Changing OpenXWD calculation frequency?

TLDR: Is it possible to change the frequency of how often the powertrain simulation is being run inside Simulink?

We are using Carmaker to develop torque vectoring for our electric car. After prototyping some algorithms in Simulink, our team has rewritten all of them in C so it can run on the target hardware. Then they have moved to using hardware-in-the-loop, where all the virtual sensor data is sent via UART to the STM, all the calculations are being done on the microcontroller like in the real car, and then the data is sent back via UART back to Simulink and then that controls the torque sent to the wheels.

Is it possible to change the frequency of how often the powertrain subsystem is being executed? We would want to match the frequency of how often the Torque Vectoring and other algorithms are being calculating on the actual car, e.g. (100Hz). That way the microcontroller would receive new sensor data as often as on the actual car.
This would also help with simulation’s performance, as right now we it is working slower than realtime for us, and thus it is pointless to use CockpitPackage.

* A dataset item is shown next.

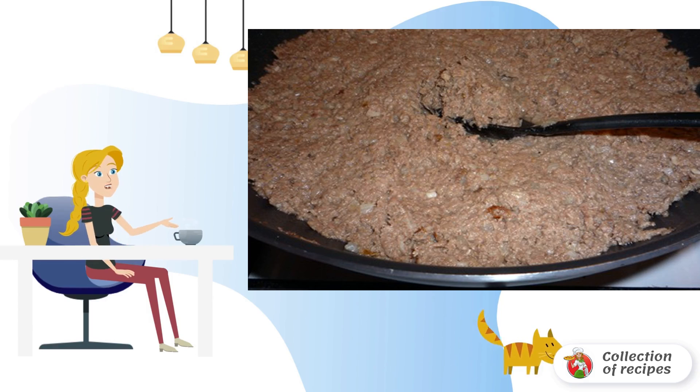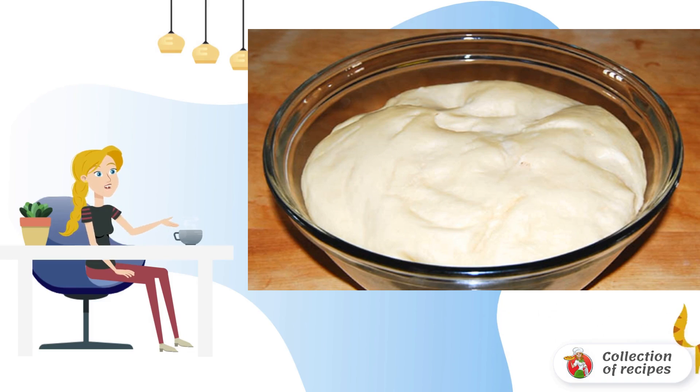Fry minced meat together with onions. Add spices. Knead the finished dough before cutting.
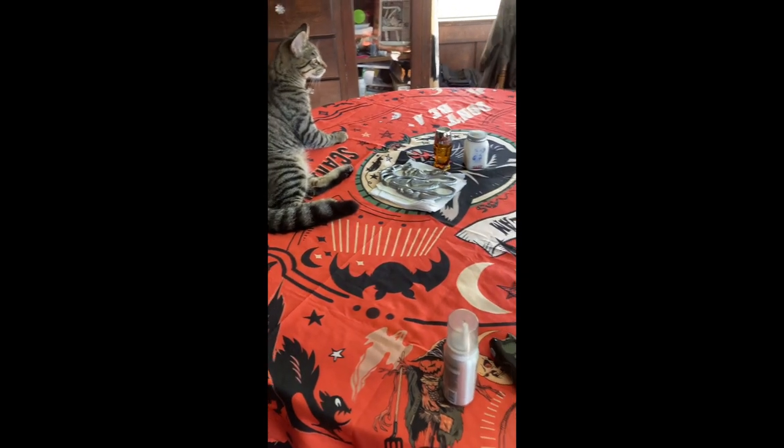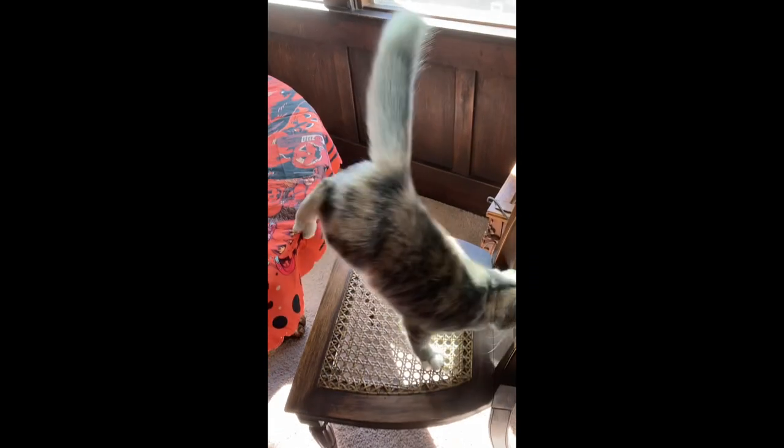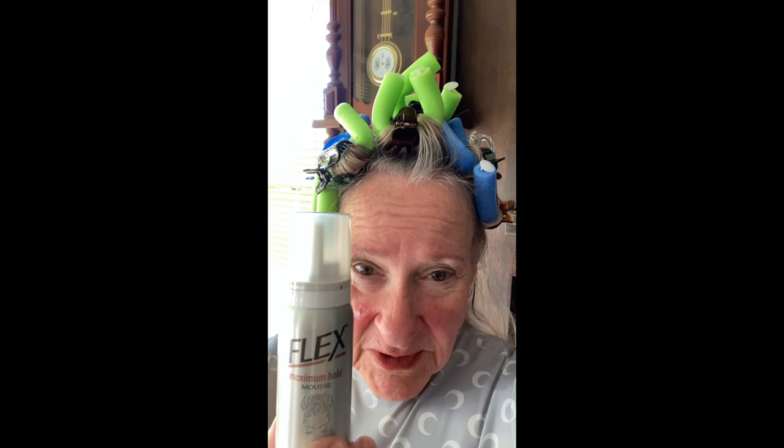That's a crown roll up to show you. I really like using — I Got Curls — I wash my hair, put just about a quarter size, then apply it to the hair and comb it through. Works real well.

If we can’t do so we can manually inside Simulink implement sending data at specified intervals, but that will complicate the code and not help with simulation performance.

Hello Jacek,

If you are using CarMaker for Simulink, all the green blocks(s functions that contain core functionality of CarMaker) have to be run as 1ms timestep, and in the exact order it was given to you.

I believe the current bottleneck is due to how slow UART and how slow the STM microcontroller is, so I suggest that you only should slow down the interface. If you are interfacing with your microcontroller in C, you should condition it to send and receive data based on the modulus of the current cycle number. That way you can send and receive only once in n cycles. If you are interfacing with a simulink block, you should put rate transition blocks before and after the interface block.

This way you can achieve balance between the simulation speed and communication speed without adjusting the timestep, and I think that this will actually benefit you in terms of simulation performance as well, as long as there are no other major bottlenecks inside what you are running on the host machine.